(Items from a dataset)
=== Section Start ===
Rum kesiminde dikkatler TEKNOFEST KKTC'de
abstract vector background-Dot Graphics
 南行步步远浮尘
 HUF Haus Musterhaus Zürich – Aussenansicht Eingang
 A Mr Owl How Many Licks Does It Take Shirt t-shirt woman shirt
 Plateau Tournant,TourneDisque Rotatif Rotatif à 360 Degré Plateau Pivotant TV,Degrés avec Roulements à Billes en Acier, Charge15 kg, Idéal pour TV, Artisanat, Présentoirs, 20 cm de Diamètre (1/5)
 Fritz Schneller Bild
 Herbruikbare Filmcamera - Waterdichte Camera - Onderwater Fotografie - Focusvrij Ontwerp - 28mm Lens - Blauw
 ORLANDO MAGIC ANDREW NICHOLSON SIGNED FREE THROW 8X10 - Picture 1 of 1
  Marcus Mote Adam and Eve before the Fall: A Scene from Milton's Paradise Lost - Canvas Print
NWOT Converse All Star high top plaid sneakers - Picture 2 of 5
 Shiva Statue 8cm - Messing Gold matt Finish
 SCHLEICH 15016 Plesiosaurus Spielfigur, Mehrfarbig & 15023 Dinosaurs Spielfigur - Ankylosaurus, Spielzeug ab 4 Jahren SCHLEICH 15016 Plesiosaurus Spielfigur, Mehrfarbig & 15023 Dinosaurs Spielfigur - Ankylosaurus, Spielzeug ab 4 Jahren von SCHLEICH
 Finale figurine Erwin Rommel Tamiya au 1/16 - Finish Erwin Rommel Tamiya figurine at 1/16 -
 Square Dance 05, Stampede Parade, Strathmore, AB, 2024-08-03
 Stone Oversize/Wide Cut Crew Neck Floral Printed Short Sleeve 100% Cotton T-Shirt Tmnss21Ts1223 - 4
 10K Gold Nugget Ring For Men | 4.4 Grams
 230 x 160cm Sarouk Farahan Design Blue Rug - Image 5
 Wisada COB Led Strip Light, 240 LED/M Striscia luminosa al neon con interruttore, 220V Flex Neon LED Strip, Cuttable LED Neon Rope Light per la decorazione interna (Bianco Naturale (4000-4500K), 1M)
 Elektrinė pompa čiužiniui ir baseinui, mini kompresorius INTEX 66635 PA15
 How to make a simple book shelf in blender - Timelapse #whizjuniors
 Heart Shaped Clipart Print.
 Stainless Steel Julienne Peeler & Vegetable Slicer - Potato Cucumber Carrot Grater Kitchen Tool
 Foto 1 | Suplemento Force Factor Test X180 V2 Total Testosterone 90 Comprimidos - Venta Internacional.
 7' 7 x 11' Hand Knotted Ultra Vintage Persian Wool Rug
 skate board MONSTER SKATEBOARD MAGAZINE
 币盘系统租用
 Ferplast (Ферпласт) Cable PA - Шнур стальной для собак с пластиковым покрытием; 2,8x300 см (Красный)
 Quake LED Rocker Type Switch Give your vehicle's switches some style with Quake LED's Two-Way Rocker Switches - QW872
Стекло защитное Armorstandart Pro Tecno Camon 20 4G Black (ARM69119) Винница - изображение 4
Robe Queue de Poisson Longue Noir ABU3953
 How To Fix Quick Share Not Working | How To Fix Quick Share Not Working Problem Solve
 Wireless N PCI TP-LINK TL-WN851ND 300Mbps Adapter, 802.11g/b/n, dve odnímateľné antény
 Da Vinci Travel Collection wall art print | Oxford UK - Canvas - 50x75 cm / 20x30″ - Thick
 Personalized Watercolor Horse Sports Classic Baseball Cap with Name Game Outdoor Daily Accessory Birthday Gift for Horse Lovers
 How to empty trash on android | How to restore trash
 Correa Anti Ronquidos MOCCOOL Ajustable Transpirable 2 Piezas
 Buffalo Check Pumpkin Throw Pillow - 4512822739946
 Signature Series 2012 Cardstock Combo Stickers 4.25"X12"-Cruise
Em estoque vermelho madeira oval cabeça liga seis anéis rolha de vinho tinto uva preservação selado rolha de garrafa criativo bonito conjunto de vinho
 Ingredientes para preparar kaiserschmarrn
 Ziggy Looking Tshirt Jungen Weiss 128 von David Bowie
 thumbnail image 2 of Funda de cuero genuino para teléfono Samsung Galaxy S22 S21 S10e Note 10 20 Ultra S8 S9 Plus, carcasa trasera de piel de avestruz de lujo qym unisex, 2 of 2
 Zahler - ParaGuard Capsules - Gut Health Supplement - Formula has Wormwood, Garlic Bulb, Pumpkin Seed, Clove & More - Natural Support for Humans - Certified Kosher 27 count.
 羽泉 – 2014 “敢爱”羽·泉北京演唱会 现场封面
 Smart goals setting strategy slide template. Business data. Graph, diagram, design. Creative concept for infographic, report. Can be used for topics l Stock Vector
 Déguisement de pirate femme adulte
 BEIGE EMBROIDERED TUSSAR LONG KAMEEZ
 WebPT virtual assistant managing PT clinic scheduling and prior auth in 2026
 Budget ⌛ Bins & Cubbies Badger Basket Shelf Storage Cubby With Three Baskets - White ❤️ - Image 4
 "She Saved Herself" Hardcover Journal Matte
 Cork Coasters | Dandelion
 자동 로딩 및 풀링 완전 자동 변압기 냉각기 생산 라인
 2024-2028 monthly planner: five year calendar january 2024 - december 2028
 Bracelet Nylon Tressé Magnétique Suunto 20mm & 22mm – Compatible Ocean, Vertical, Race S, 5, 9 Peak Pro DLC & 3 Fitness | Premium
=== Section End ===
▸ **Exercise brief**:
Reproduce all of the records precisely. No word may differ.

▸ **Problem solution**:
Rum kesiminde dikkatler TEKNOFEST KKTC'de
abstract vector background-Dot Graphics
 南行步步远浮尘
 HUF Haus Musterhaus Zürich – Aussenansicht Eingang
 A Mr Owl How Many Licks Does It Take Shirt t-shirt woman shirt
 Plateau Tournant,TourneDisque Rotatif Rotatif à 360 Degré Plateau Pivotant TV,Degrés avec Roulements à Billes en Acier, Charge15 kg, Idéal pour TV, Artisanat, Présentoirs, 20 cm de Diamètre (1/5)
 Fritz Schneller Bild
 Herbruikbare Filmcamera - Waterdichte Camera - Onderwater Fotografie - Focusvrij Ontwerp - 28mm Lens - Blauw
 ORLANDO MAGIC ANDREW NICHOLSON SIGNED FREE THROW 8X10 - Picture 1 of 1
  Marcus Mote Adam and Eve before the Fall: A Scene from Milton's Paradise Lost - Canvas Print
NWOT Converse All Star high top plaid sneakers - Picture 2 of 5
 Shiva Statue 8cm - Messing Gold matt Finish
 SCHLEICH 15016 Plesiosaurus Spielfigur, Mehrfarbig & 15023 Dinosaurs Spielfigur - Ankylosaurus, Spielzeug ab 4 Jahren SCHLEICH 15016 Plesiosaurus Spielfigur, Mehrfarbig & 15023 Dinosaurs Spielfigur - Ankylosaurus, Spielzeug ab 4 Jahren von SCHLEICH
 Finale figurine Erwin Rommel Tamiya au 1/16 - Finish Erwin Rommel Tamiya figurine at 1/16 -
 Square Dance 05, Stampede Parade, Strathmore, AB, 2024-08-03
 Stone Oversize/Wide Cut Crew Neck Floral Printed Short Sleeve 100% Cotton T-Shirt Tmnss21Ts1223 - 4
 10K Gold Nugget Ring For Men | 4.4 Grams
 230 x 160cm Sarouk Farahan Design Blue Rug - Image 5
 Wisada COB Led Strip Light, 240 LED/M Striscia luminosa al neon con interruttore, 220V Flex Neon LED Strip, Cuttable LED Neon Rope Light per la decorazione interna (Bianco Naturale (4000-4500K), 1M)
 Elektrinė pompa čiužiniui ir baseinui, mini kompresorius INTEX 66635 PA15
 How to make a simple book shelf in blender - Timelapse #whizjuniors
 Heart Shaped Clipart Print.
 Stainless Steel Julienne Peeler & Vegetable Slicer - Potato Cucumber Carrot Grater Kitchen Tool
 Foto 1 | Suplemento Force Factor Test X180 V2 Total Testosterone 90 Comprimidos - Venta Internacional.
 7' 7 x 11' Hand Knotted Ultra Vintage Persian Wool Rug
 skate board MONSTER SKATEBOARD MAGAZINE
 币盘系统租用
 Ferplast (Ферпласт) Cable PA - Шнур стальной для собак с пластиковым покрытием; 2,8x300 см (Красный)
 Quake LED Rocker Type Switch Give your vehicle's switches some style with Quake LED's Two-Way Rocker Switches - QW872
Стекло защитное Armorstandart Pro Tecno Camon 20 4G Black (ARM69119) Винница - изображение 4
Robe Queue de Poisson Longue Noir ABU3953
 How To Fix Quick Share Not Working | How To Fix Quick Share Not Working Problem Solve
 Wireless N PCI TP-LINK TL-WN851ND 300Mbps Adapter, 802.11g/b/n, dve odnímateľné antény
 Da Vinci Travel Collection wall art print | Oxford UK - Canvas - 50x75 cm / 20x30″ - Thick
 Personalized Watercolor Horse Sports Classic Baseball Cap with Name Game Outdoor Daily Accessory Birthday Gift for Horse Lovers
 How to empty trash on android | How to restore trash
 Correa Anti Ronquidos MOCCOOL Ajustable Transpirable 2 Piezas
 Buffalo Check Pumpkin Throw Pillow - 4512822739946
 Signature Series 2012 Cardstock Combo Stickers 4.25"X12"-Cruise
Em estoque vermelho madeira oval cabeça liga seis anéis rolha de vinho tinto uva preservação selado rolha de garrafa criativo bonito conjunto de vinho
 Ingredientes para preparar kaiserschmarrn
 Ziggy Looking Tshirt Jungen Weiss 128 von David Bowie
 thumbnail image 2 of Funda de cuero genuino para teléfono Samsung Galaxy S22 S21 S10e Note 10 20 Ultra S8 S9 Plus, carcasa trasera de piel de avestruz de lujo qym unisex, 2 of 2
 Zahler - ParaGuard Capsules - Gut Health Supplement - Formula has Wormwood, Garlic Bulb, Pumpkin Seed, Clove & More - Natural Support for Humans - Certified Kosher 27 count.
 羽泉 – 2014 “敢爱”羽·泉北京演唱会 现场封面
 Smart goals setting strategy slide template. Business data. Graph, diagram, design. Creative concept for infographic, report. Can be used for topics l Stock Vector
 Déguisement de pirate femme adulte
 BEIGE EMBROIDERED TUSSAR LONG KAMEEZ
 WebPT virtual assistant managing PT clinic scheduling and prior auth in 2026
 Budget ⌛ Bins & Cubbies Badger Basket Shelf Storage Cubby With Three Baskets - White ❤️ - Image 4
 "She Saved Herself" Hardcover Journal Matte
 Cork Coasters | Dandelion
 자동 로딩 및 풀링 완전 자동 변압기 냉각기 생산 라인
 2024-2028 monthly planner: five year calendar january 2024 - december 2028
 Bracelet Nylon Tressé Magnétique Suunto 20mm & 22mm – Compatible Ocean, Vertical, Race S, 5, 9 Peak Pro DLC & 3 Fitness | Premium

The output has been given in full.